Closed 313hemant313 closed 1 year ago
It is not the channel bean that takes so long to create, it is probably the DNS/address lookup+TCP connection that is so slow. I experienced the same as well, usually not worse than the first HTTP request.
There are two "workarounds" for that. 1) Enable the connect on startup feature.
2) Create a new bean/config that has all @GrpcClient
targets (names) and use each Channel
to fire a Health
check or other request against it (the server doesn't have to actually implement the request and you don't have to wait for the response, just trigger the connection)
If your application has lots of idle time you might want to call that request periodically or enable keep alive.
If this isn't satisfactory to you, you can open an issue over at grpc-java or on stackoverflow, they might know more on how to debug the wait time. Please leave a link here if you do so, so other people (me) can also learn from this and maybe add a new feature for it.
Does this help you?
Thanks, will try the getImmediateConnectTimeout approach first. what should be the duration value here ? should i try 60 sec ?
The service won't be reported as up for up to that duration per connection so maybe 15s? The initial connection usually shouldn't take that long.
Okay, will try and report back.
The service won't be reported as up for up to that duration per connection so maybe 15s? The initial connection usually shouldn't take that long.
Is there any health check mechanism to check if services are up ?
I checked https://github.com/yidongnan/grpc-spring-boot-starter/issues/461 and https://yidongnan.github.io/grpc-spring-boot-starter/en/actuator.html, but wanted to check like is there any special handling for above scenario.
Are you referrimg to something like this:
The service won't be reported as up for up to that duration per connection so maybe 15s? The initial connection usually shouldn't take that long.
Yes correct, so after 15s using check api should give SERVING status right ?
enum ServingStatus { UNKNOWN = 0; SERVING = 1; NOT_SERVING = 2; SERVICE_UNKNOWN = 3; // Used only by the Watch method. }
Well you are mixing the two solutions here. The immediate connect timeout causes the clients to establish the connection immediately without request. The client wont continue starting prior to that. The HealthGrpc request is an actual request that you can send to force the connection to be created or just to check the other services health, if it happens to implement/provide that api. If the server is up and running you will get SERVING as a response immediately (after the initial connection delay).
Ohh okay so ImmediateConnectTimeout is a client property.

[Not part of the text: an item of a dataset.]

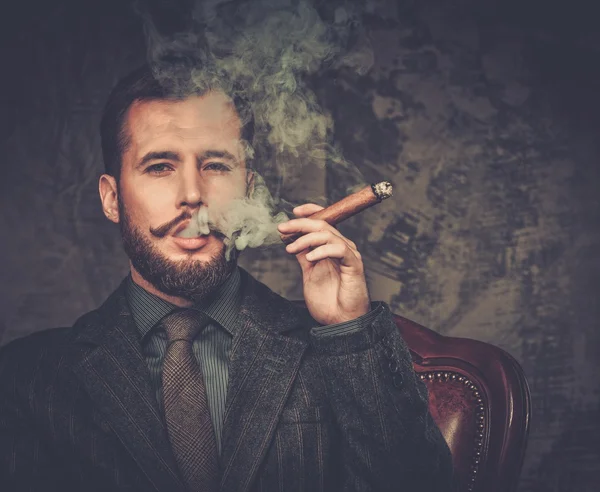 Handsome well-dressed with glass of beverage and cigar — Stock Photo, Image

In the below shared example (ServiceOrchestrator, ServiceX and ServiceY), should i add ImmediateConnectTimeout to 15sec in ServiceOrchestrator service ?
In case of deployment of ServiceOrchestrator we should route the traffic to new release only after 15sec right ? to avoid latency of first call ? and we should somehow get NOT_SERVING from heath check ?
This depends on your requirements and setup.
If you have only a single instance of your service, there might not be much difference between calling it to early/running in a timeout and having the service not ready. In both cases the request fails. If you have multiple instances of said service, then waiting for spring to report ready might be a good idea. Spring actuator provides a health/up endpoint that you can use for that. (See also readiness and liveness probes).
https://spring.io/blog/2020/03/25/liveness-and-readiness-probes-with-spring-boot
I don't know whether the server implements the health service, this library does it via this auto-config if the dependencies are present: https://github.com/yidongnan/grpc-spring-boot-starter/blob/master/grpc-server-spring-boot-autoconfigure/src/main/java/net/devh/boot/grpc/server/autoconfigure/GrpcHealthServiceAutoConfiguration.java#L56
Assuming blue green deployment (Old services are running and we will start routing the traffic once the new service is in ready state).
ServiceOrchestrator we should route the traffic to new release only after 15sec right ? to avoid latency of first call ? and we should somehow get NOT_SERVING from heath check ?
ServiceOrchestrator we should route the traffic to new release only after 15sec right ?
When the service is up and running. This may or may not be 15s.
Okay got it. So when all the stubs are ready before 15sec the app will be in SERVING state.
15s per distinct target, but yes.
With ImmediateConnectTimeout app starts fails if any of the grpc client connection fails, as @GrpcClient is a mandatory bean.
Any workaround for this ? like Autowired(required = false) ?
Configure that property only for mandatory clients or make that first connection in a different way.
Even after using ImmediateConnectTimeout, facing same issue.
ServiceOrchestrator to ServiceX latency is 2 sec, but in ServiceX latency recorded is 300ms.
Please try to analyse the network using wireshark or a similar tool. If that doesnt help you please ask upstream (grpc-java) or on Stackoverflow for help as currently have no other ideas what issues you might have. If you open a question elsewhere please post a link here so I/others can also learn new suggestions and solutions. Maybe they can be added as a feature in the future.
Seems to be some warmup issue.
After deployment of a service (Which internally calls multiple grpc services and methods), all first calls from this service to multiple grpc service is giving high latency.
Even though latency is low once the call has been landed on any of the subsequent service and work done.
Example:
ServiceOrchestrator
ServiceX
ServiceY
So maybe channel creation is taking some time. (We are using certificate security using trustCertCollection config).
Is the above assumption correct, do we have a way to log grpc channel creation time ?